The Halloween trick-or-treating comes from an old British custom called "A-Souling." There's a pretty good write-up here:
Souling is a tradition that goes all the way back to Pagan times, but has evolved into the 'trick-or-treating' practice that we know and love today
www.history.co.uk
Since Australia was originally a British colony, it doesn't surprise me that the colonists brought the custom with them.
Oh, right! Now it makes more sense.

I remember reading about soul cakes in, of all books,
The Folklore of Discworld (where it's part of the discussion about the
Soul Cake Duck, a parody of both the Souling Cake and the Easter Bunny. The Soul Cake Duck lays eggs sweeter than the usual duck eggs, and is also connected with a tradition called 'trickle-treating' or 'treacle-treating').

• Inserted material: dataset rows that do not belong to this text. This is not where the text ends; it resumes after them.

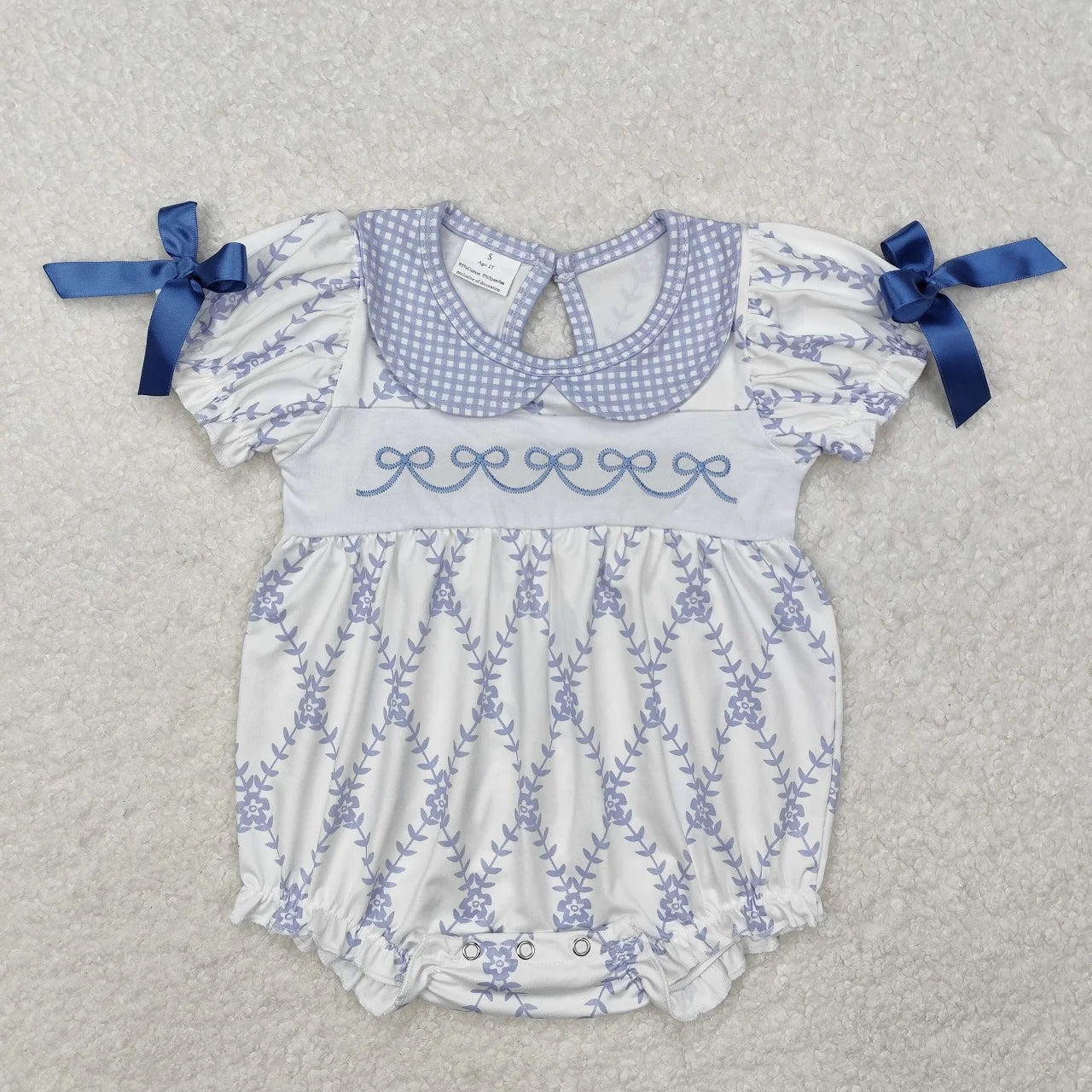 Girl's camo print romper by Lavendar Lane Clothing featuring embroidery, bows, and ruffles.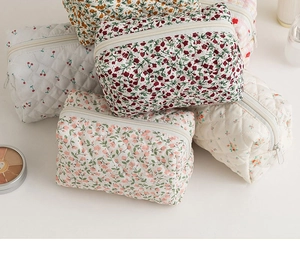 Detailed view of stacked quilted floral cotton makeup bags in various vibrant patterns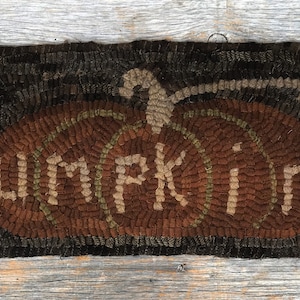 May include: A brown and tan hooked rug with the word "Pumpkin" spelled out in the center of a pumpkin shape.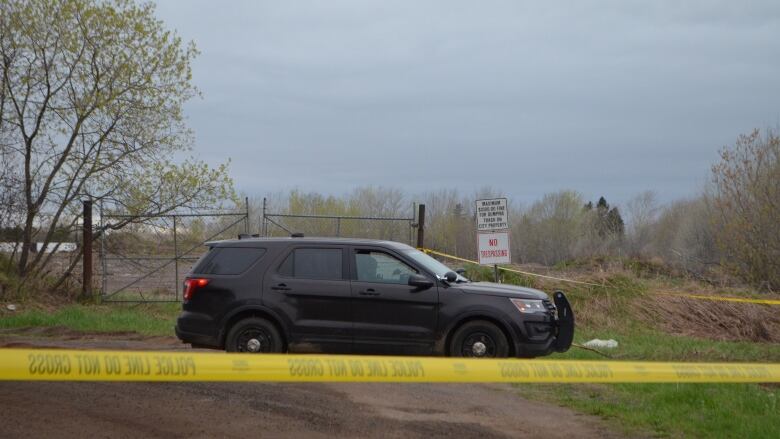 An unmarked police vehicle parked on a dirt road.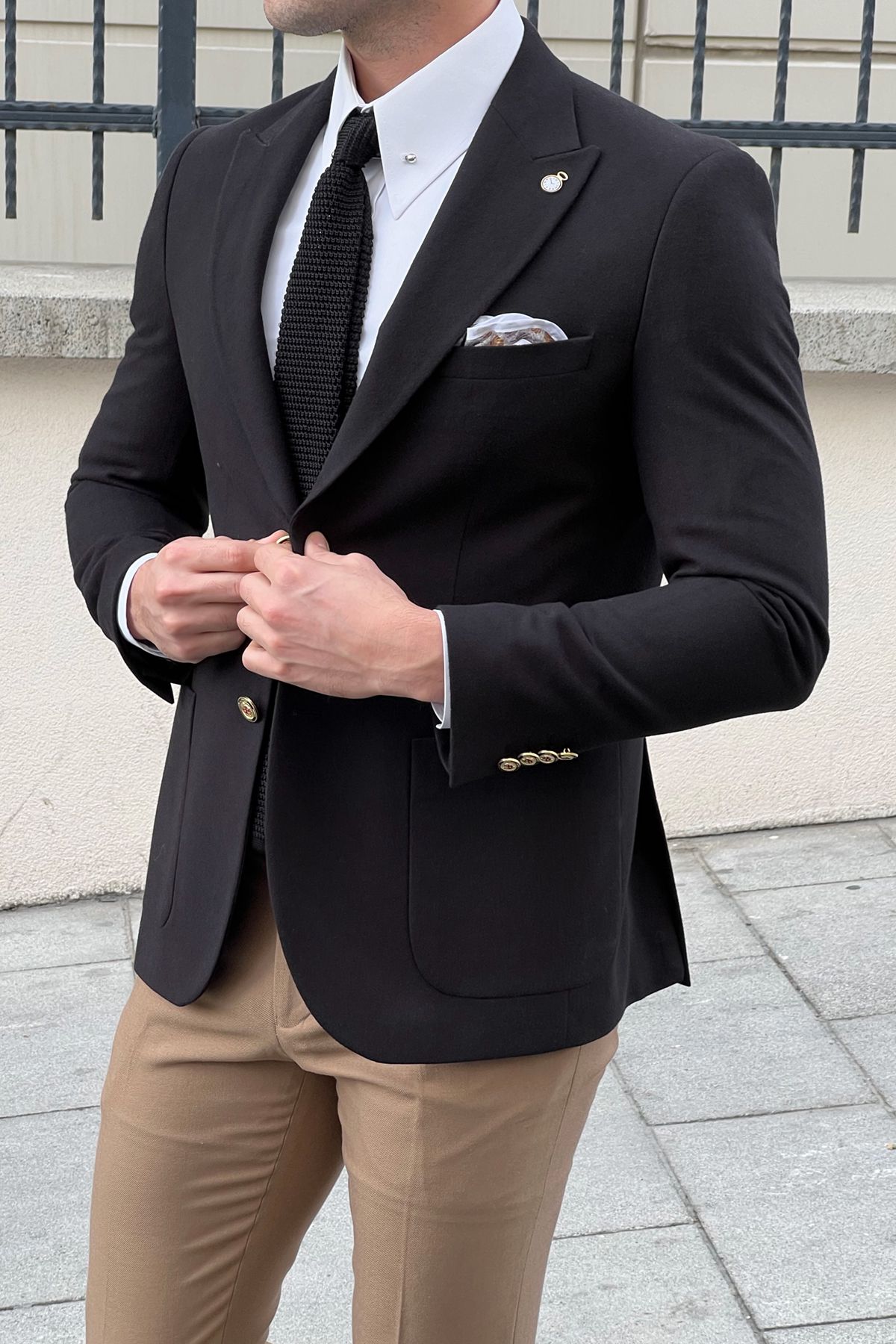 Man wearing a black blazer, white shirt, and beige pants with a patterned tie.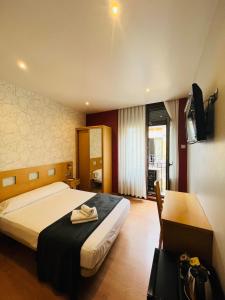 Habitación de hotel con cama y TV en Hostal Abami II, en Madrid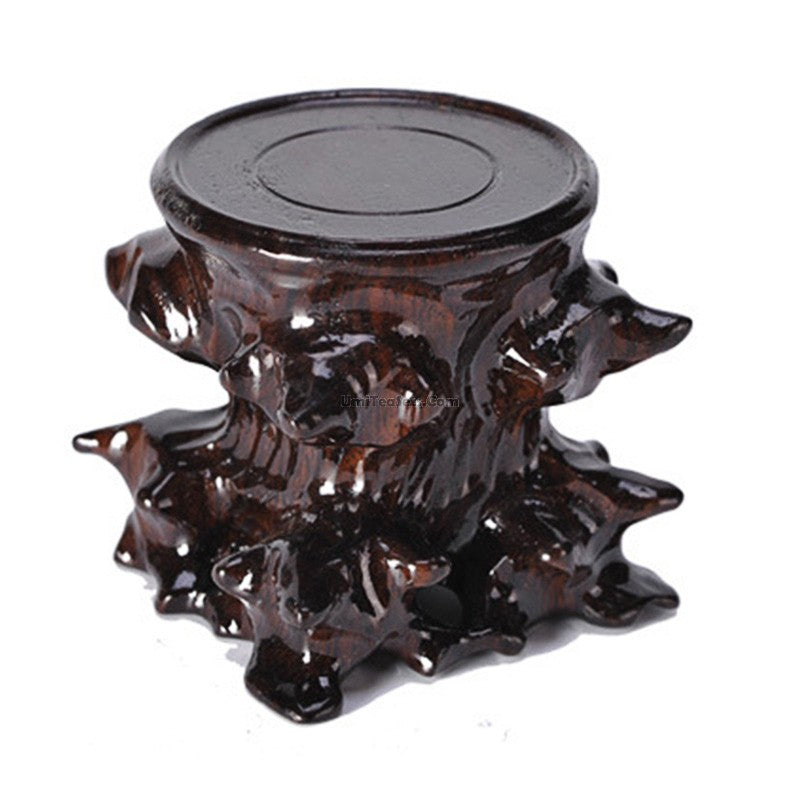 Close-up of black wood teapot stand showcasing unique textured surface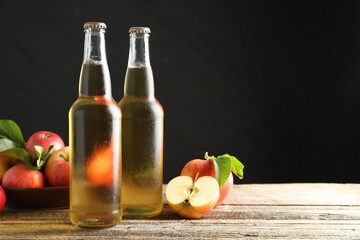 Delicious cider in glass bottles and apples on wooden table against dark gray background. Space for text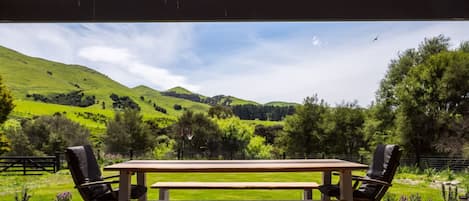 Un área de estar al aire libre con una mesa de picnic y sillas, con vistas a un paisaje verde con colinas y árboles.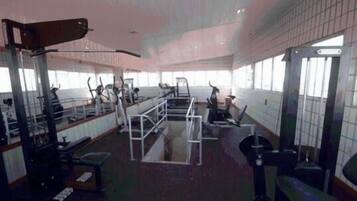 Un gimnasio con diverso equipo de ejercicio, como cintas de correr y máquinas de pesas, dispuesto en una sala amplia con ventanas grandes.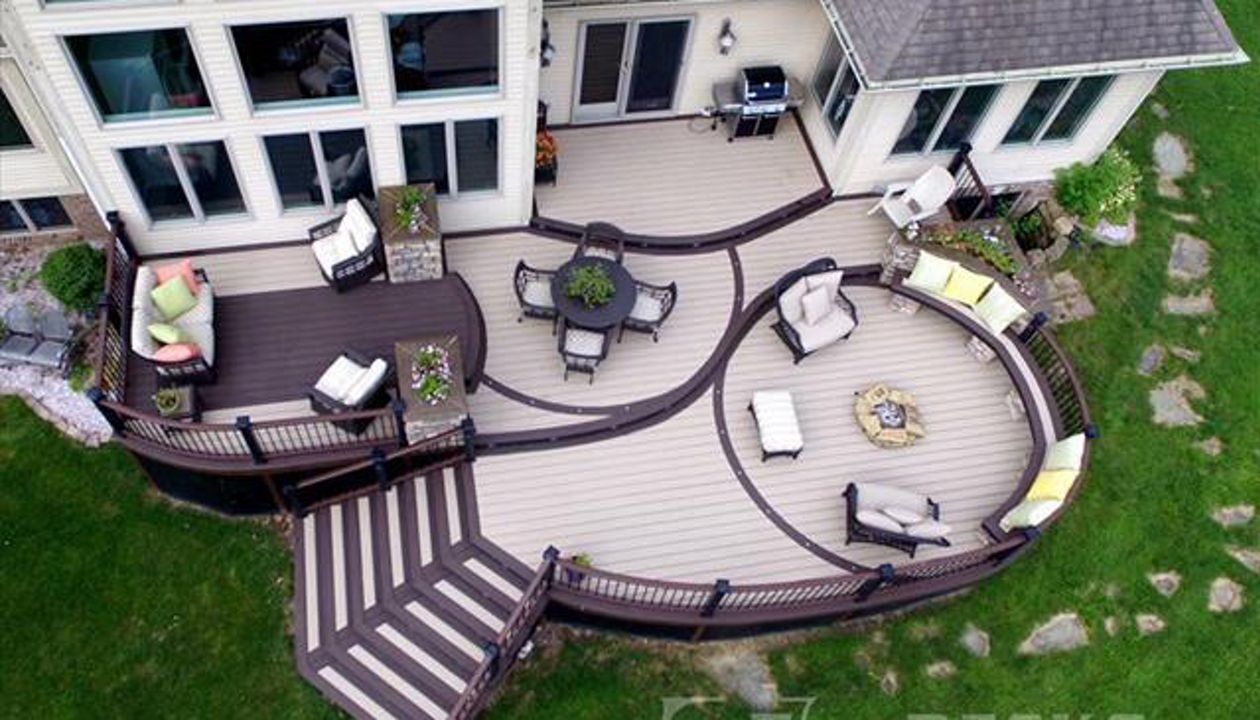 Show stopping TREX deck with all the main ingredients; curves, lighting, firepit, built in seating & planters, stone work, under deck storage, multi-levels, and flared staircase.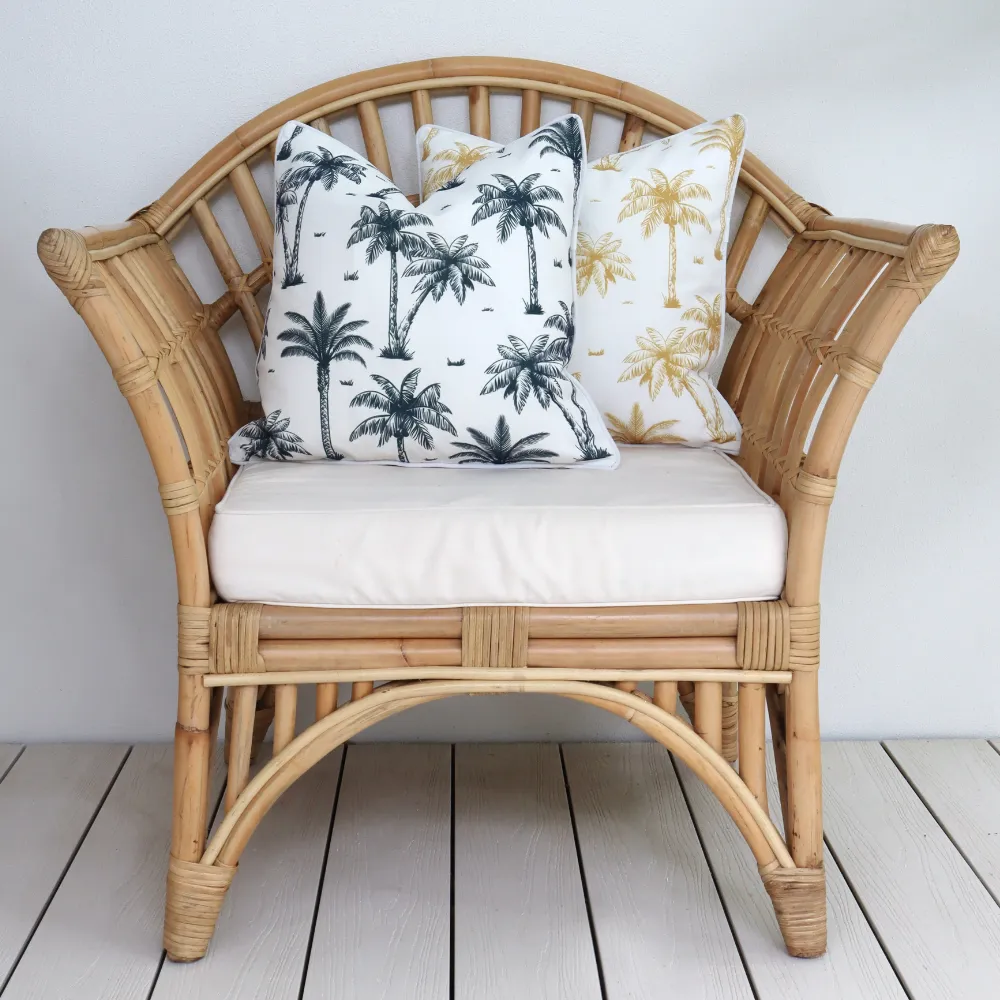 A light coloured arm chair against a wall has some palm tree cushions on it.
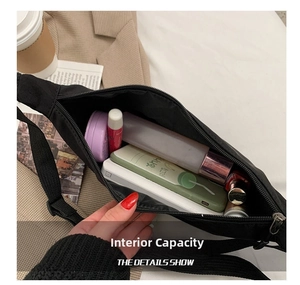 Internal storage detail of black nylon crossbody bag showing daily essentials capacity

Souling was one in a family of traditions involving performing song, music, or small theatrical skits in return for food or money. On November 2nd, All Soul’s Day, 16th-century northern and western English revelers would go “a-souling” door to door. In return for their performance, their neighbors would give them soul cakes. The gift of a soul cake had three benefits: charity for the poor performers, the good work of giving charity, and the redemption of souls from purgatory, hence
soul cakes.
One "souling song" went like this:
“Soul, soul for a souling cake
I pray you, missis, for a souling cake;
Apple or pear, plum or cherry
Anything good to make us merry!
Up with your kettles and down with your pans,
Give us an answer and we'll be gone.
Little Jack, Jack sat on his gate
Crying for butter to butter his cake
One for St. Peter, two for St. Paul
Three for the man that made us all.”
(Shropshire:
Bye-Gones Relating to Wales & the Border Country (1889–1890), 253).
Soul cakes, by the way, were not as soft as cakes are now. Rather, they were dense and biscuit-like, with sweet spices like nutmeg.
Here is a possible recipe.
November 2nd is also the second day of El Dia de Los Muertos, the Mexican Day of the Dead.
In Poland, November 1st is the day when relatives visit cemeteries and bring chrysanthemums to decorate the graves. November 2nd is a more sombre day – a day to stay home and think of loved ones, perhaps looking through albums of photographs.